IT IS curious what generates a disproportionate intensity of hatred, in circumstances that have no effect on you personally.

People hate seeing misuse of disability parks. I believe it has less to do with sticking up for disabled people, who need those parks, and a lot to do with the idea of someone enjoying an advantage you do not have. People hate the basic cheat.

This month, the NZ Herald has published photos of a Rolls-Royce Wraith, worth nearly $500,000, parked across a disabled park and the adjoining park, in Wellington. And a shopper has snapped photos of a Lamborghini worth $400,000 in a mobility parking space at Lynn Mall in West Auckland.

It is right and proper that disdain for the disabled parking concept is brought to the attention of the public. Name and shame advocacy is part of what the media does.


But I sometimes wonder if people, generally, resent disabled parking, and those who get to use them. I think they accept it unreservedly if the nature of the disability is clear-cut. In other words, if a driver uses a portable hoist mounted on the car to help ease them into the wheelchair, then okay, that's clearly disabled.

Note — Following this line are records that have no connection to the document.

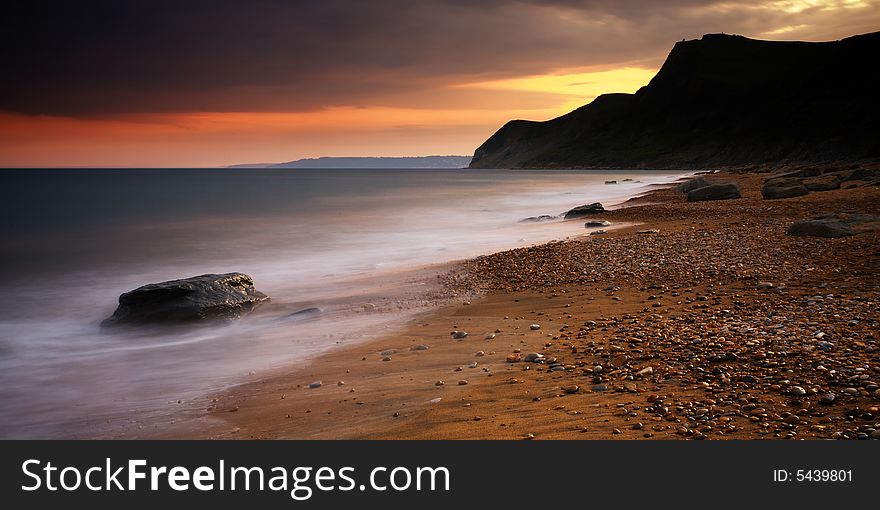 The Sun setting behind the picturesque cliffs of Eype beach in Dorset. A long exposure has resulted in soft movement in the waves as they crash on the pebble and sand beach. The Sun setting behind the picturesque cliffs of Eype beach in Dorset. A long exposure has resulted in soft movement in the waves as they crash on the pebble and sand beach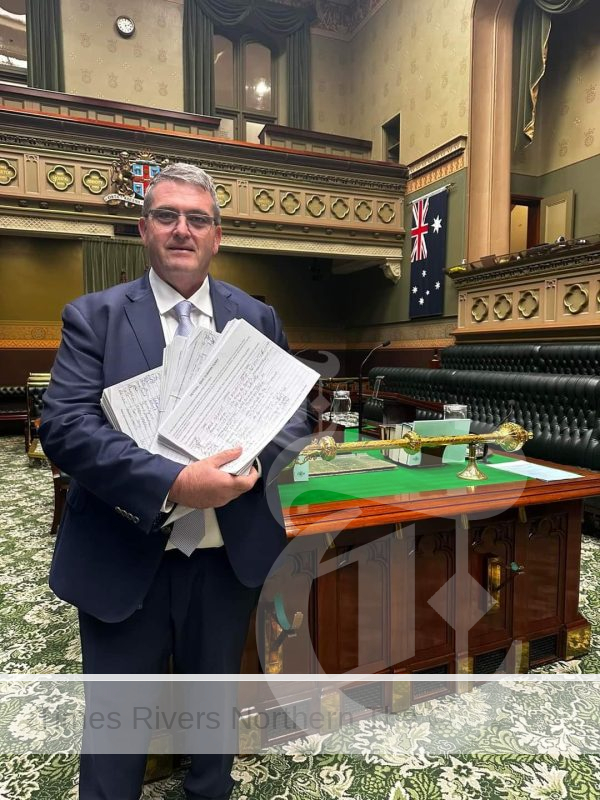 The Member for Clarence Richie Williamson in NSW Parliament with petitions containing 6000 signatures, to save the Ulmarra Ferry, which will be decommissioned on June 10.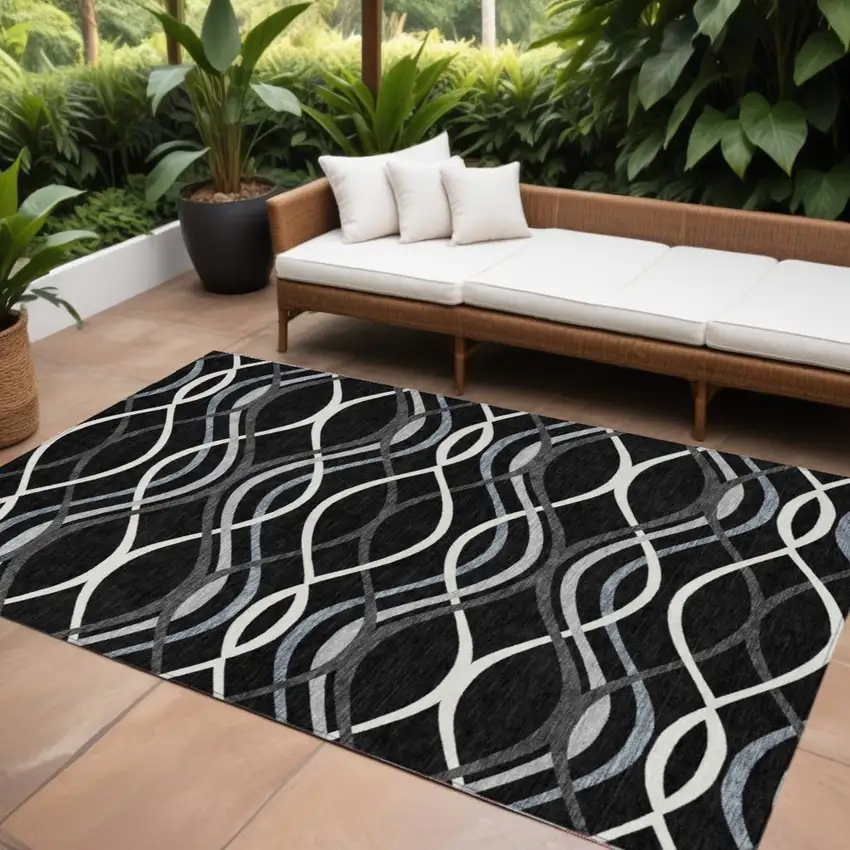 Black Gray And Ivory Abstract Washable Indoor Outdoor Area Rug Photo 1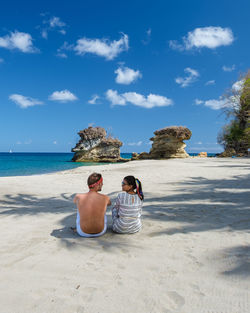 Rear view of woman sitting on beach against sky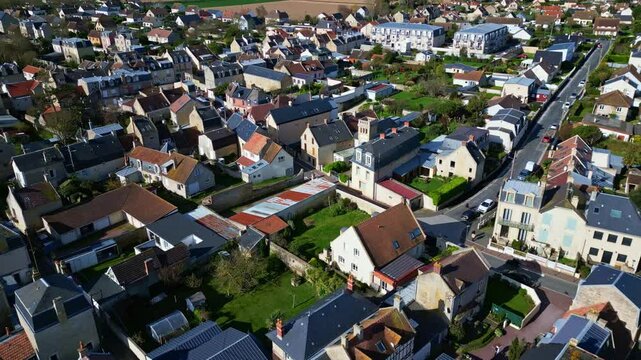 Top-down drone view of the suburban neighborhood with rows of houses and winding streets, Saint-Aubin-sur-Mer, Normandy, France.
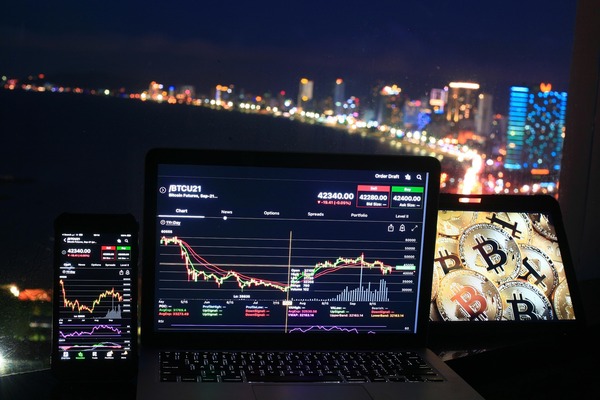 Cryptocurrency trading charts on a laptop and phone at night with a city skyline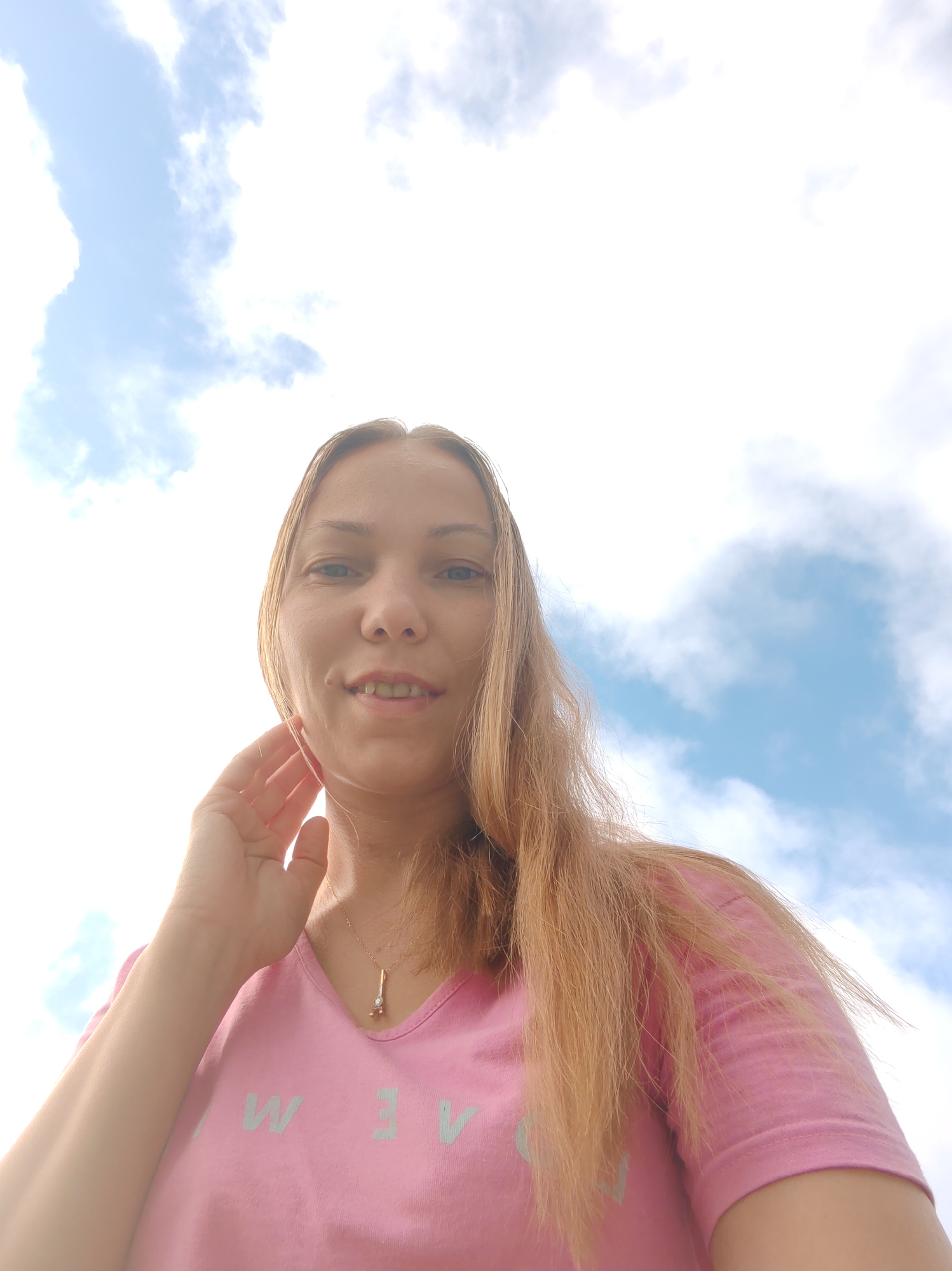 The image shows a young woman with long, light brown hair and fair skin, looking up at the camera. She is wearing a pink t-shirt with a light blue graphic design that appears to be text. Around her neck, she wears a delicate gold necklace with a small pendant. Her left hand is raised to her cheek. The background is a bright blue sky with scattered white clouds, suggesting an outdoor setting. The perspective is a low-angle shot, making the sky a dominant feature. The image appears to be a selfie taken on a sunny day, possibly in a park or open area within the city of Chuhlem, Russia, though no specific landmarks are visible.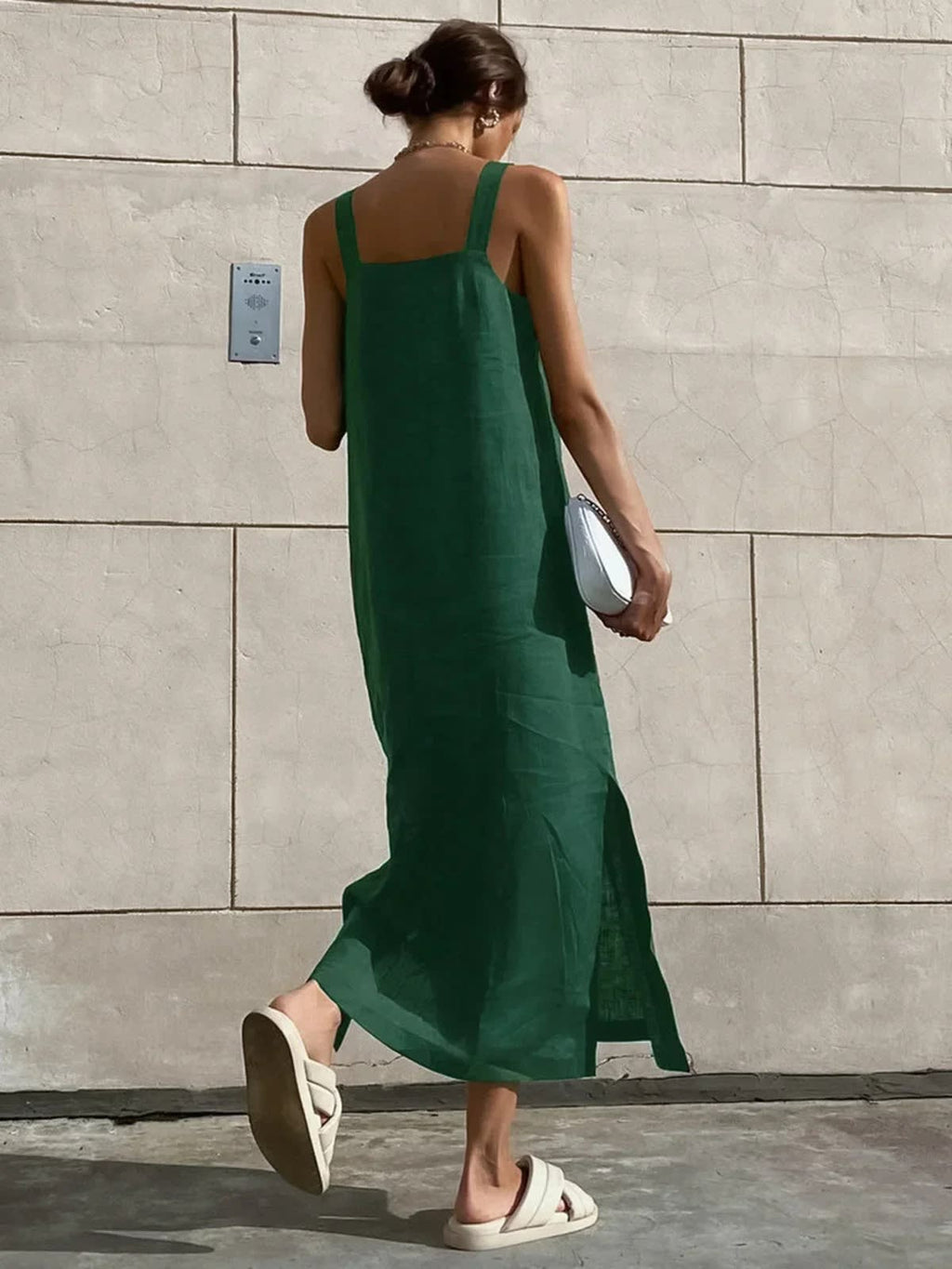 Woman in square neck midi dress with side slit against tiled wall.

I think when it comes to courtesies like disabled parking, there is a clear prejudice against those who are disabled, but possess all their limbs and can walk. In our story on Masterton disabled resident Kim Davies, she has endured prejudice because she appears to get out of her car in reasonably good order. The limit was reached for her when someone left a rude note on her car, prompting her to provide some education on the new disabled stickers.

Disabled people aren't "cheating". As Kim puts it, if you want her disability, you're welcome to it. By all means photograph the Lamborghini that lacks a sticker, but would it kill you to either take a second look at the situation, or perhaps just mind your own business?